[About this exercise]
Give the lines again exactly as they appear below, from the line with "Keamanan dan Kenyamanan" to the line with "Unreservedly with Jon Foli", both included, and only those lines. Leave every picture out.

[Exercise data]
*** Begin section ***

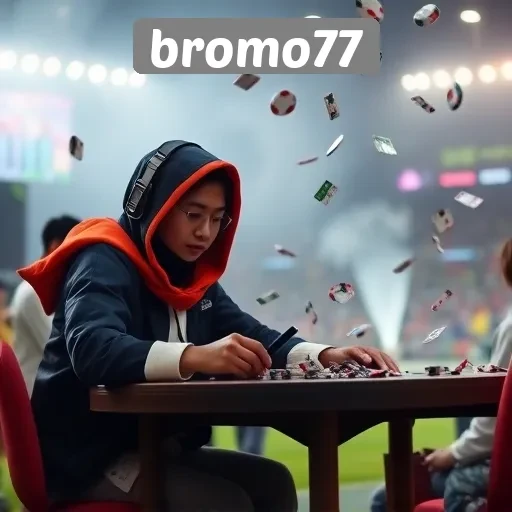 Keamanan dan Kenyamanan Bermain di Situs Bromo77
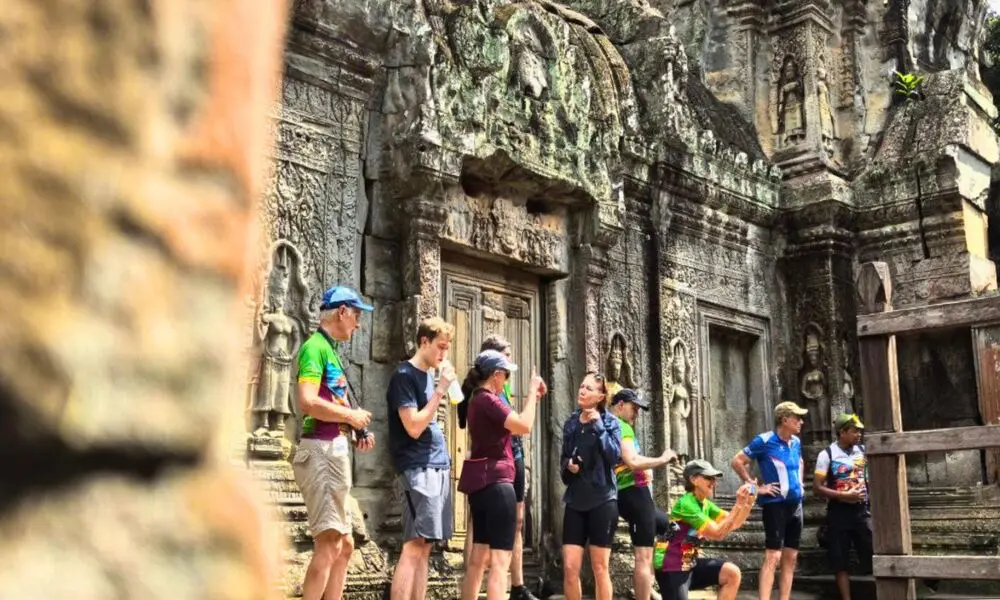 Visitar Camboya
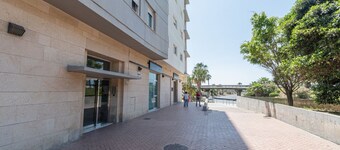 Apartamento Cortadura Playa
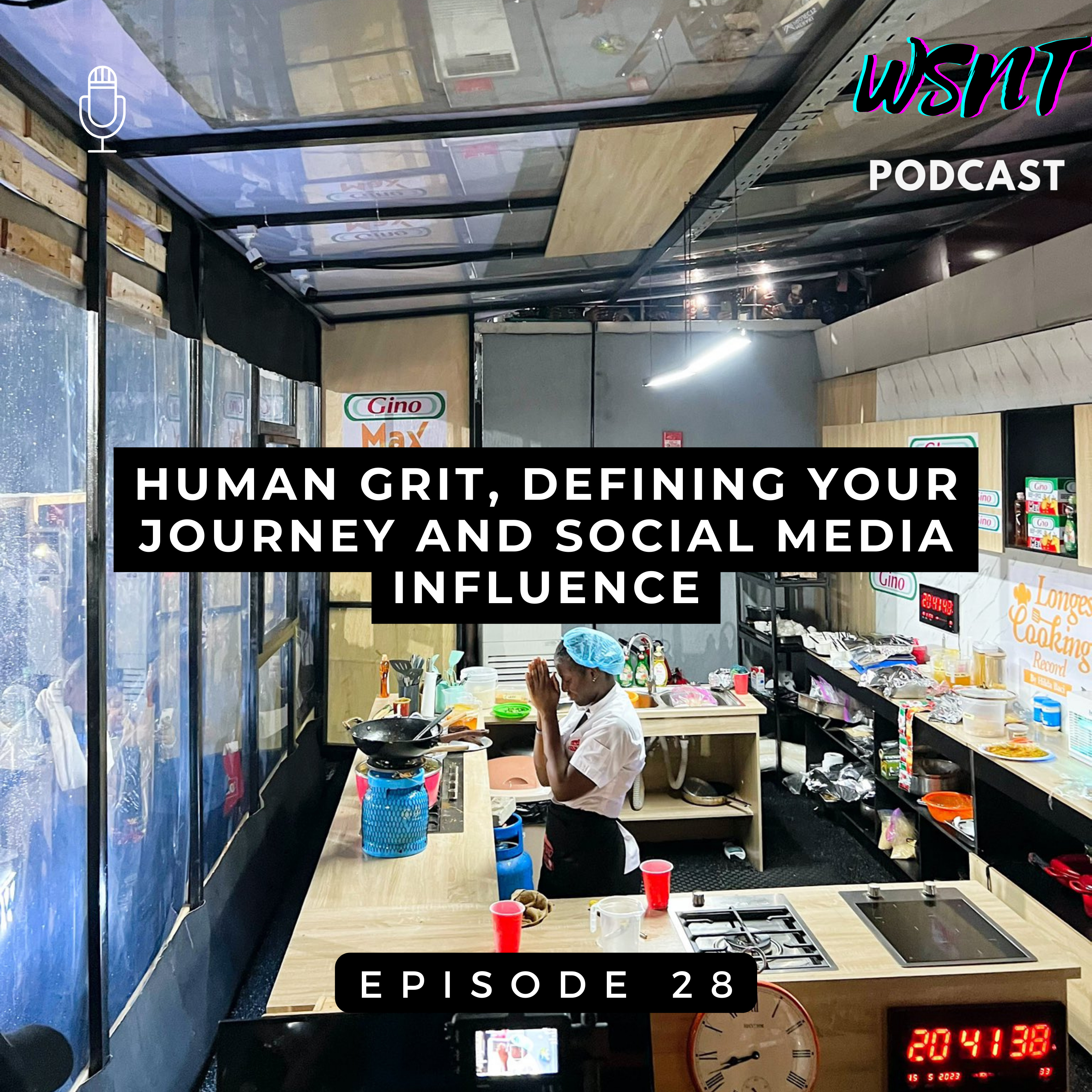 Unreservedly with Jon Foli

*** End section ***
*** Begin section ***

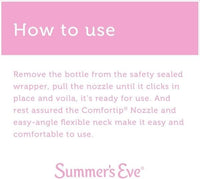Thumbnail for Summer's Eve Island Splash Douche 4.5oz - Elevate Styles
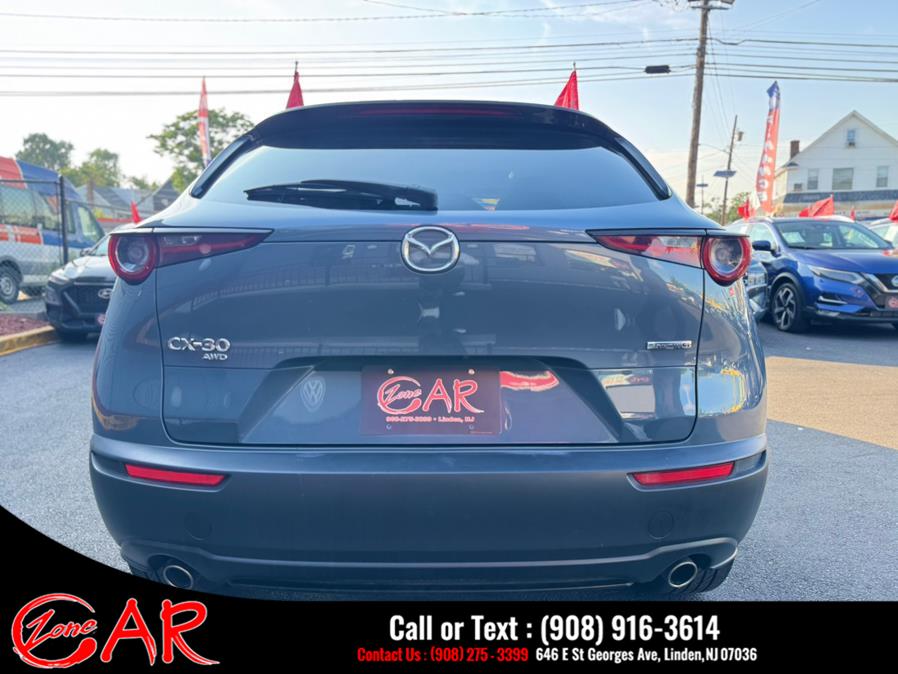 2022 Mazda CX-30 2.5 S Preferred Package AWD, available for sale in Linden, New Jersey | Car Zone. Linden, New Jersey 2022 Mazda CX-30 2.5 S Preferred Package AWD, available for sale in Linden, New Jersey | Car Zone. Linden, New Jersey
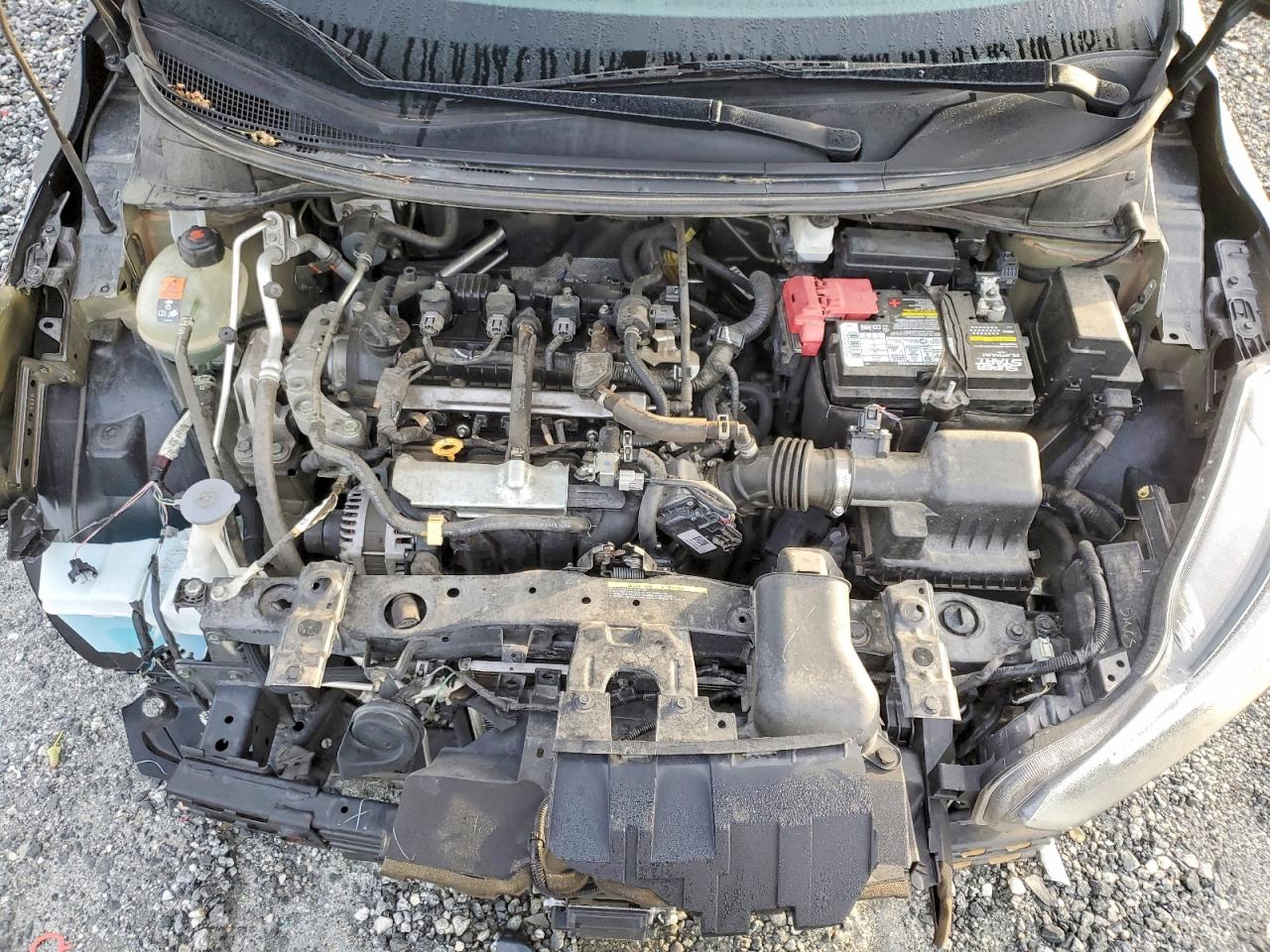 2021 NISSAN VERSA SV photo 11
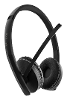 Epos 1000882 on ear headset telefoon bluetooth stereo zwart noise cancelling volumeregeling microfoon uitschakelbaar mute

*** End section ***
*** Begin section ***

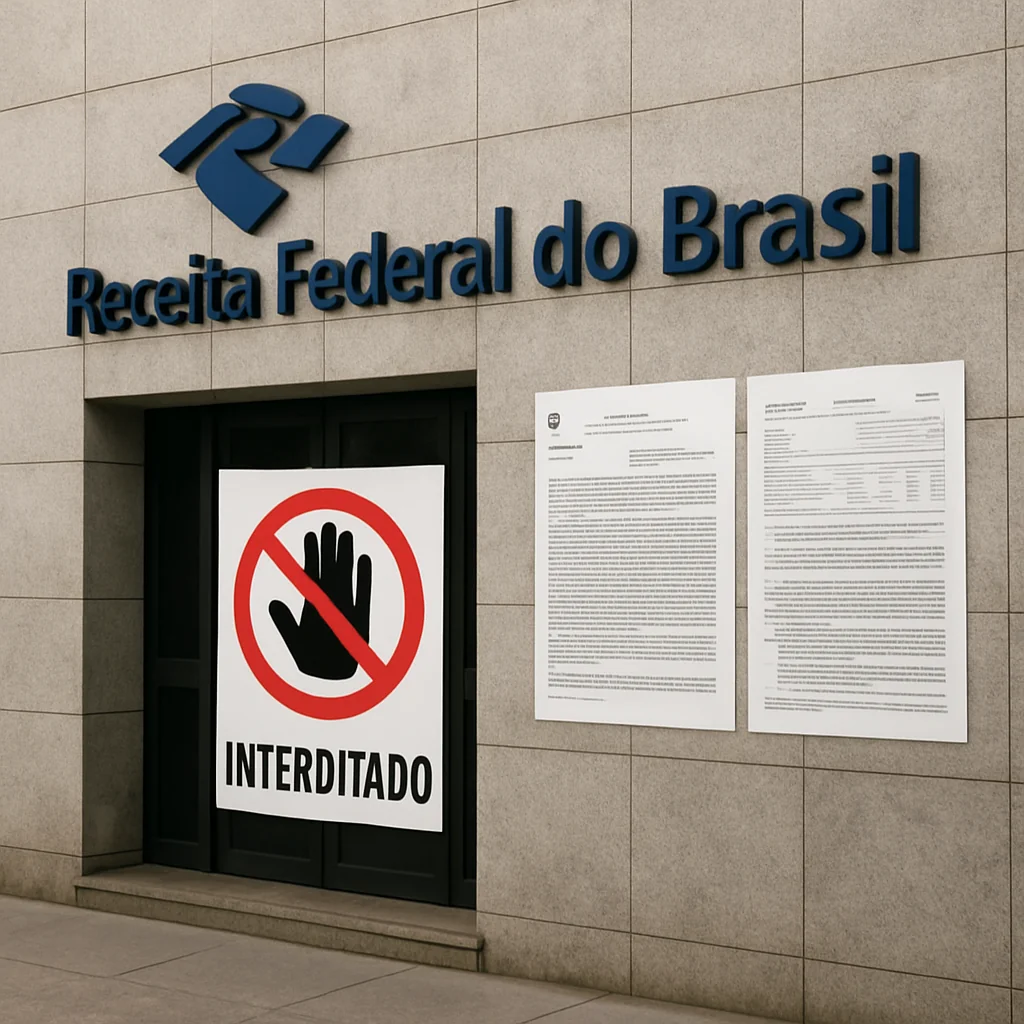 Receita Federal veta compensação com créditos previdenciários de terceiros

*** End section ***

[Exercise answer]
 Keamanan dan Kenyamanan Bermain di Situs Bromo77
 Visitar Camboya
 Apartamento Cortadura Playa
 Unreservedly with Jon Foli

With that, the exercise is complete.